Dijon is located in the Burgundy region and on our first full day we took a tour of the area from the owner of our apartment. It was a very interesting but long day of visiting wineries, castles, and canals. Our guide also took us to a restaurant which he swore made the best coq au vin in the world. Now this was my first time having it s
o I don't really have a reference point but this dish did set the bar pretty high for any future coq au vin experiences.


The plan for day two was to visit the mustard museum until the tourism office told us the bad news. Our consolation prize was (what was supposed to be) a food tour of the city including
tastings of some of the Dijon specialties. The tour turned out to be more of a historic walking tour which was not ideal but still interesting. Nonetheless, I was most excited to taste fresh mustard at the Maille mustard store. That was until I saw the double dip. Apparently the British aren't as couth as most Americans when it comes to eating from communal bowls because this was less a double dip and more a sucking of the sampling pretzel and then a re-dipping into the next sample. That sight did a pretty good job quelling my appetite for that bowl of fresh Dijon mustard... Anyways, the problem was solved by getting a few different mustards to sample with dinner. Our tastings have led me to the conclusion that Dijon mustard tastes better when in Dijon.

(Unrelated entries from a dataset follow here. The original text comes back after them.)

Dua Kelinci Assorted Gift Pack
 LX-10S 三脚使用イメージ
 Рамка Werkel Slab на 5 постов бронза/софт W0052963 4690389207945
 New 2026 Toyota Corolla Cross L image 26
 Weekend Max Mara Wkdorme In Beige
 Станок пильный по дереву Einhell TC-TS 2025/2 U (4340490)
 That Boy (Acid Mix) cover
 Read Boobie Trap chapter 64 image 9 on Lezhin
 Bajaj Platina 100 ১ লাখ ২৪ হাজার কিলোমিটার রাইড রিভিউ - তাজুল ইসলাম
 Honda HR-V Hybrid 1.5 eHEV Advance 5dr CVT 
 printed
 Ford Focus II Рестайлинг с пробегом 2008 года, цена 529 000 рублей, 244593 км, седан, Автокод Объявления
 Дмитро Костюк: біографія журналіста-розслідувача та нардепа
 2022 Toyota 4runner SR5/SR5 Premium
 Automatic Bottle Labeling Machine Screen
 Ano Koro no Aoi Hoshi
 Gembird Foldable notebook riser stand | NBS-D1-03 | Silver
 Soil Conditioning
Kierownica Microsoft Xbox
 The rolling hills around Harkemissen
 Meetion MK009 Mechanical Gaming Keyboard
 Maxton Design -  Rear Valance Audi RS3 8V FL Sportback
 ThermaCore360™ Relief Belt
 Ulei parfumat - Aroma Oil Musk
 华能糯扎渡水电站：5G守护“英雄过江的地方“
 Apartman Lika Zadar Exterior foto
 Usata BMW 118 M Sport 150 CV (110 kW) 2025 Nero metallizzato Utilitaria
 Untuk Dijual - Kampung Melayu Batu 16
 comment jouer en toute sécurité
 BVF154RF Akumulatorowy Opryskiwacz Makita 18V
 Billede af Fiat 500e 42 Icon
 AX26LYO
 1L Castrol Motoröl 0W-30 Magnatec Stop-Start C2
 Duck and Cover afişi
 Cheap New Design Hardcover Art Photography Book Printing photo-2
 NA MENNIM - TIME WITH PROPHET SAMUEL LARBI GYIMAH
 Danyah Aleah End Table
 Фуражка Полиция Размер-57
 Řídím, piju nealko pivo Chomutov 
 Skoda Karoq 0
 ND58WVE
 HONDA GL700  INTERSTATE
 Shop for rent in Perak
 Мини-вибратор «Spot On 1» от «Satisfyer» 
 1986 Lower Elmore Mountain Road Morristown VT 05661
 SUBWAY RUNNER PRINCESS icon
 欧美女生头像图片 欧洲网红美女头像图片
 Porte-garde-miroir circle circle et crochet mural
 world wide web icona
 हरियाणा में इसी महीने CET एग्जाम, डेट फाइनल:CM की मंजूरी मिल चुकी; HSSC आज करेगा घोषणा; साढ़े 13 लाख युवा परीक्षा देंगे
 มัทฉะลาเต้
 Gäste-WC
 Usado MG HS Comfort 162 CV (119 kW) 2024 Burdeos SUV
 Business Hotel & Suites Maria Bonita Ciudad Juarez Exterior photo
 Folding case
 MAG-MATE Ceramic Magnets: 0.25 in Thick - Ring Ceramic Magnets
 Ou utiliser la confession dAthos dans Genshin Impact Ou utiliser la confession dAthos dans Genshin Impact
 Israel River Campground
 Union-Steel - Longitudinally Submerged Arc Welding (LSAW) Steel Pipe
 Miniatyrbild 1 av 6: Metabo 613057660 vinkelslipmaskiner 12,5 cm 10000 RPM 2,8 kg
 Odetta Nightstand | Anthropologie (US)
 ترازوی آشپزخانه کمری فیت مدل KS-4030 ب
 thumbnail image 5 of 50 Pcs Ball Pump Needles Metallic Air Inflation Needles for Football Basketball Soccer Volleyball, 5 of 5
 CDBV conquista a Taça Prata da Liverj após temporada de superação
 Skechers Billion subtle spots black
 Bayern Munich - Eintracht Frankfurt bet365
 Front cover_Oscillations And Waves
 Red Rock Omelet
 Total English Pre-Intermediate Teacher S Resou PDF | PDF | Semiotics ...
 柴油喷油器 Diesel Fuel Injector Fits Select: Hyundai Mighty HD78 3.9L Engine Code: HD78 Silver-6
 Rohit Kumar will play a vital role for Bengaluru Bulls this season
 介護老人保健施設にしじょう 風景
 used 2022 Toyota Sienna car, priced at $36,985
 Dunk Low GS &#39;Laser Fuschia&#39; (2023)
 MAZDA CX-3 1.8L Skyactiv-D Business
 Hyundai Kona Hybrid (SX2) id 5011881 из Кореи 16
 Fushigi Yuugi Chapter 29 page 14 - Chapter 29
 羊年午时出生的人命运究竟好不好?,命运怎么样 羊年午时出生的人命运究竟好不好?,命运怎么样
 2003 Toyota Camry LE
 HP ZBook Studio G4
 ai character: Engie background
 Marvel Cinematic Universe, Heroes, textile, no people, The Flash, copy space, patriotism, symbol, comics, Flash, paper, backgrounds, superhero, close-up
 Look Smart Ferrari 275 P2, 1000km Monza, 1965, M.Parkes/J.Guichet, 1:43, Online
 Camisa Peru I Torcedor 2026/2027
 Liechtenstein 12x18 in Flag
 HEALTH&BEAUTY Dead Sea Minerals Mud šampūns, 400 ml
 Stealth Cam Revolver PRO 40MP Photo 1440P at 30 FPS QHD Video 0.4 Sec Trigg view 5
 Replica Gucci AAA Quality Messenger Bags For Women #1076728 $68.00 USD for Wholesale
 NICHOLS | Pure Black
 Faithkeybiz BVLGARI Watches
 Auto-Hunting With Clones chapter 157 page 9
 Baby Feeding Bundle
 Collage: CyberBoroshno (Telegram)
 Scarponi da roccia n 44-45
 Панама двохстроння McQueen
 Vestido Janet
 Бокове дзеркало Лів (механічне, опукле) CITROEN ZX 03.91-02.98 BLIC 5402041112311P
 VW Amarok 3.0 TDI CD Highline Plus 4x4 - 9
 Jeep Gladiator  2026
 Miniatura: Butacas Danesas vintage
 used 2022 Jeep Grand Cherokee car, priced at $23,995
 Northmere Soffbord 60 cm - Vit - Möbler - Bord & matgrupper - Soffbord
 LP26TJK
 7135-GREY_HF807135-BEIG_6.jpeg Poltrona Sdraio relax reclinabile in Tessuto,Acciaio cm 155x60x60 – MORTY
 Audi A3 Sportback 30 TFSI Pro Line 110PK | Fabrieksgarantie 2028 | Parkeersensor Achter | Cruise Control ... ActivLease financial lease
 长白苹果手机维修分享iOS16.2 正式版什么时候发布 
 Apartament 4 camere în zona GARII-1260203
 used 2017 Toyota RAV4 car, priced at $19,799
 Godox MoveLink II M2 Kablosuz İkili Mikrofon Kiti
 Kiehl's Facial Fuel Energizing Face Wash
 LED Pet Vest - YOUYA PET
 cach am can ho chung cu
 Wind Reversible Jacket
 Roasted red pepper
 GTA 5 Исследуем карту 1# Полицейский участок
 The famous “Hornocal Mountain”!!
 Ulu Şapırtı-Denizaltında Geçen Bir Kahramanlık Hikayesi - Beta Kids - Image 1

Now dinner. As I mentioned before the apartment we were staying had a kitchen. I think ecstatic is a decent way to describe my feelings towards cooking for the first time in
weeks. Matthew and I had gone shopping at the market the previous day with
the intent of making
dinner after our tour but we were so full from lunch that it was pushed off a day. Anyways, this market was big enough to (easily) keep me entertained for hours. Anyways, we finally settled on , a salad with poached shrimp, radishes, and cassis (black currants) with a lemon vinaigrette and leg of duck (chicken for the less exciting and adventurous parents) with a wild mushroom wine sauce, roasted potatoes and vegetables. Now because the kitchen was a touch less equipped than we were used to (the oven was a mini toaster, if that gives you any idea) we ended up having to sauté rather than roast. Even with the small kitchen we got dinner out in a relatively reasonable time which, as some
may know, can be quite the feat for me.

Ok, so I had promised myself after I caught up with the last set of posts that I would not let myself fall behind again. Well that didn't last long because I'm plying catch up again and, while I
remember what we made for dinner the next night very well, the only other part of the day I remember is looking at waterfalls in a pretty, rural town. So, I will (yet again) tell you about dinner. That morning we went to the market with an actual plan for what we were going to make for dinner. I know, it's impressive, right? Dinner was pesto
crusted fish sautéed and finished in the broiler and served with pesto ravioli, drunken tomato sauce (made with some quality 1.14 euro wine), and sautéed zucchini (see, we learn from our past cooking snafus). Everything actually went as planned! Our
only slight confusion, not knowing exactly what fish we were cooking, was solved by wiki. If anyone ever comes across a cheap fish called pollock you should know two things. One, it's quite good when cooked properly and two, it's traditional use is in cat food. Well that last story pretty much wraps up Dijon :)

Wednesday, August 3, 2011

Nancy



Nancy is a small city with not too much of interest so if you're coming to France I wouldn't recommend stopping there. While there weren't too many sites to see we did come across some good food! Snack time in Nancy consisted of gaufres avec glace (waffles! with ice cream). These waffles were nearly as good as good as Dame's but Christine, you can tell Kelly his are easily still number one in my (expert) opinion.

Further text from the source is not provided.